TO DO: Start at the line in the entries below that contains "1243 Jefferyscot Dr — Photo 6", stop at the line that contains "Imagem de Kit", and output exactly the lines in that span, both ends included.

DATA SHOWN:
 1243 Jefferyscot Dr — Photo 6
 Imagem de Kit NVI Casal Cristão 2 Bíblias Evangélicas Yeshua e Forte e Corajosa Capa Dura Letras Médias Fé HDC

...

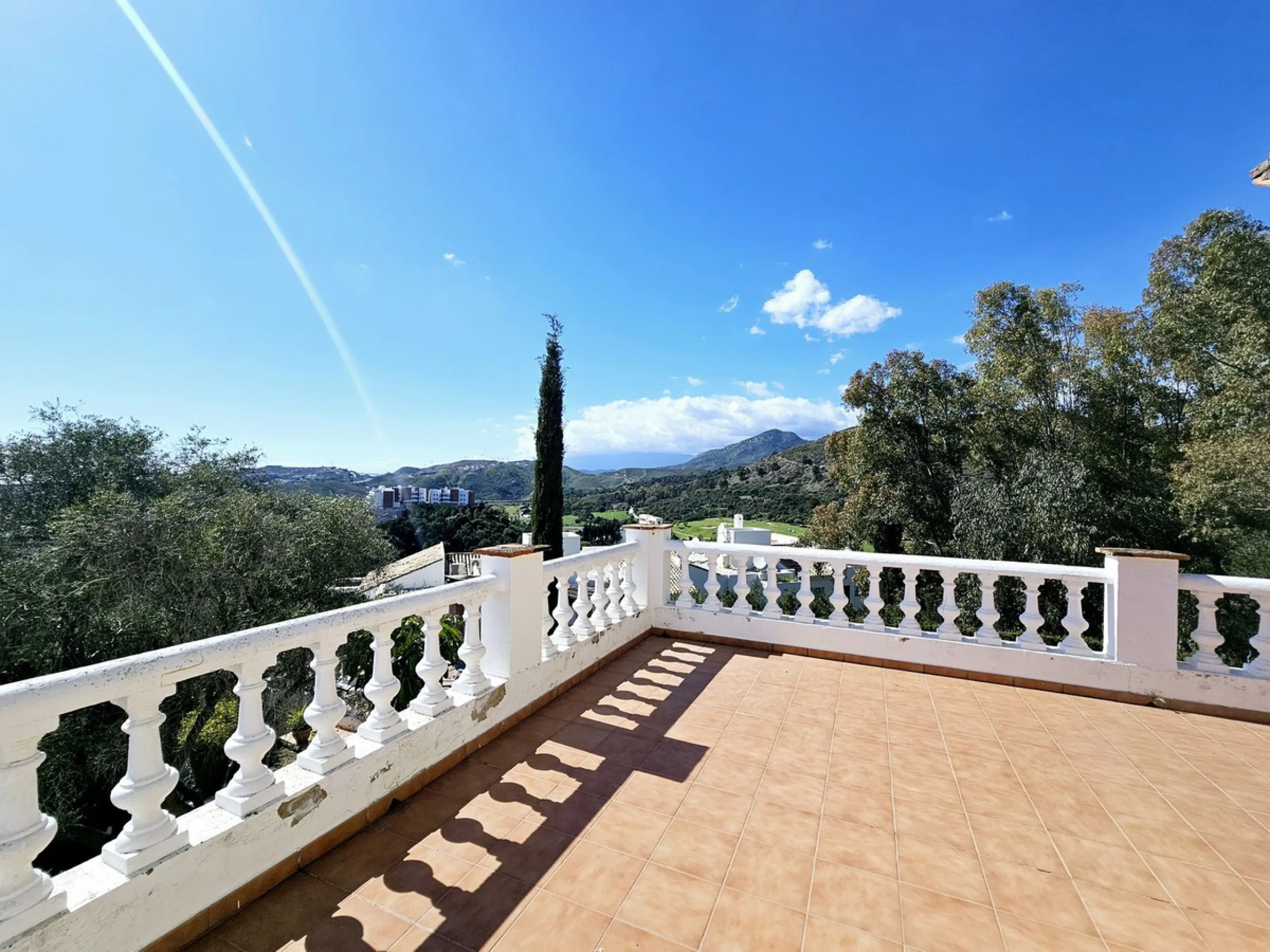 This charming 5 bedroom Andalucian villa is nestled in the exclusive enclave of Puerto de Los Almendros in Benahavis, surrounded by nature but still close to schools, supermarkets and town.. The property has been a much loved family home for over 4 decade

EXERCISE ANSWER:
 1243 Jefferyscot Dr — Photo 6
 Imagem de Kit NVI Casal Cristão 2 Bíblias Evangélicas Yeshua e Forte e Corajosa Capa Dura Letras Médias Fé HDC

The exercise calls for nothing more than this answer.